■ Task instructions
Exactly reproduce the lines from the line bearing "Конструктор з м'яких модулів Будівельник-8 міні Конструктор" through the end of the listing, inclusive of both; pictures are to be omitted.

■ Data below
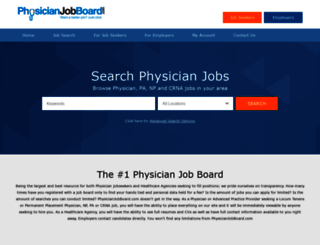 physicianjobboard.com screenshot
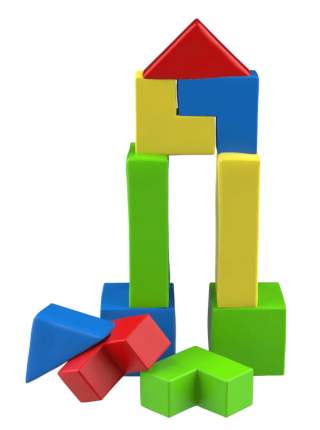 Конструктор з м'яких модулів Будівельник-8 міні Конструктор з м'яких модулів Будівельник-8 міні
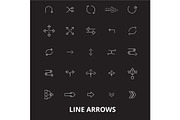 Arrows line editable line icons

■ Exercise solution
 Конструктор з м'яких модулів Будівельник-8 міні Конструктор з м'яких модулів Будівельник-8 міні
 Arrows line editable line icons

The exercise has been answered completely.